Paper Structure (8 equations, 5 figures)

This paper contains 8 equations, 5 figures.

Figures (5)

  • Figure 1: Eigenspectrum of the Liouvillian matrix $\mathcal{L}_{\mathrm{matrix}}$. Panels (a) and (b) depict the real and imaginary parts, respectively, with colors denoting different eigenvalues (excluding the steady-state eigenvalue $E_1=0$).

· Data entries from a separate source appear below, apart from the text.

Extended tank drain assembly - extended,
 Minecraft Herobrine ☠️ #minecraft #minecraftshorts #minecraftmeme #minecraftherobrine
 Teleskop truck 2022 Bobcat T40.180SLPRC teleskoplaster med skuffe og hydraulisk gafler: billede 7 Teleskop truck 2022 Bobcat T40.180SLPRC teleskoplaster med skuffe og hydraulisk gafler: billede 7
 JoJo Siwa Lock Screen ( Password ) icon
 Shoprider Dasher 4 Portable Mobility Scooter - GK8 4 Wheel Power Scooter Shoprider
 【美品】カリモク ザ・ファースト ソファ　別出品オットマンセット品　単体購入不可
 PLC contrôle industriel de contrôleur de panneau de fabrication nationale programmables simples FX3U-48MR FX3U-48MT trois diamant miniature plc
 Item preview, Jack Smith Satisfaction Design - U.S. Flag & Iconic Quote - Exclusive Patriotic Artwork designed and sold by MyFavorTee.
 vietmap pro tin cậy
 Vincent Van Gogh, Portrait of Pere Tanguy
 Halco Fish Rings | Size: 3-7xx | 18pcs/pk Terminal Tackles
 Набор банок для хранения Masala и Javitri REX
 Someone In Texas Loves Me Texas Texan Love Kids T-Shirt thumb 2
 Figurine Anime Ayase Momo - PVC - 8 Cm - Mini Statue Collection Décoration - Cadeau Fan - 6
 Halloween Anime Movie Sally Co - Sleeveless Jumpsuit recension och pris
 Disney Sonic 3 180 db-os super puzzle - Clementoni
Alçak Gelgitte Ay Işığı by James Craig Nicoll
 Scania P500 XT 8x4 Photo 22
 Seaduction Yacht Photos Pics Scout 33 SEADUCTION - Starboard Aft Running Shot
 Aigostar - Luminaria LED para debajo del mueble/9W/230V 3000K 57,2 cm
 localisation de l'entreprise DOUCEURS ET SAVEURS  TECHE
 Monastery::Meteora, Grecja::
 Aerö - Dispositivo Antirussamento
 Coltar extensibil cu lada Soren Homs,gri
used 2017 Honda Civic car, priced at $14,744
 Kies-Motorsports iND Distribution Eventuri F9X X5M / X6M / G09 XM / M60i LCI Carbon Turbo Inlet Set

The solid green curve in (a) indicates LEP2s in the $\Delta$–$\alpha$ parameter space at fixed single-photon loss $\kappa$.
  • Figure 2: Time evolution of (a) $\langle X\rangle$ and (b) $\langle Y\rangle$ under different detunings $\Delta$. For $|\Delta| > \Delta_{\text{LEP2}}$, damped oscillations with exponential envelopes are observed. When $|\Delta| < \Delta_{\text{LEP2}}$, the system is overdamped without oscillation. At the critical point $|\Delta| = \Delta_{\text{LEP2}}$, critical damping occurs, leading to the fastest convergence to the steady state. The parameters are $\kappa/2\pi=10$ kHz, $K/2\pi=6.7$ MHz, $P/2\pi=15.5$ MHz and $\kappa_{\phi}=0$.
  • Figure 3: The phase difference ($\varphi$) between the off-diagonal elements of $\rho_3$ (solid blue line) and $\rho_4$ (dashed orange line).
  • Figure 4: Bloch representation of quantum state evolution and the corresponding Wigner functions. Evolution trajectories for (a) $|\Delta|=3\Delta_{\text{LEP2}}$ and (b) $|\Delta|=0.5\Delta_{\text{LEP2}}$. All trajectories are confined to the XY-plane. The inset at the upper right shows a top-down view of the trajectory, with its color corresponding to the evolution time. (a) For $|\Delta|>\Delta_{\text{LEP2}}$, the trajectory spirals inward toward the origin (steady state). (b) For $|\Delta|<\Delta_{\text{LEP2}}$, the trajectory converges monotonically toward the origin without spiraling. Panels (c) and (d) show the corresponding Wigner functions at different evolution times. (c) When $|\Delta|>\Delta_{\text{LEP2}}$, interference fringes periodically emerge and vanish before reaching steady state. (d) When $|\Delta|<\Delta_{\text{LEP2}}$, interference fringes appear only transiently before each steady state is achieved. The parameters are $\kappa/2\pi=10$ kHz, $K/2\pi=6.7$ MHz, $P/2\pi=15.5$ MHz and $\kappa_{\phi}=0$.
  • Figure 5: Validation of the Liouvillian dynamics. Color represents the fidelity $F(\rho_{\text{H}},\rho_{\text{L}})$ between states evolved under the Lindblad master equation of Eq. (\ref{['master eq']}) and the Liouvillian approximation of Eq. (\ref{['Liouvillian dynamics']}). Here, we set $K/2\pi = 6.7$ MHz, $P/2\pi = 15.5$ MHz, $\kappa/2\pi = 10$ kHz, and $\kappa_{\phi}=0$.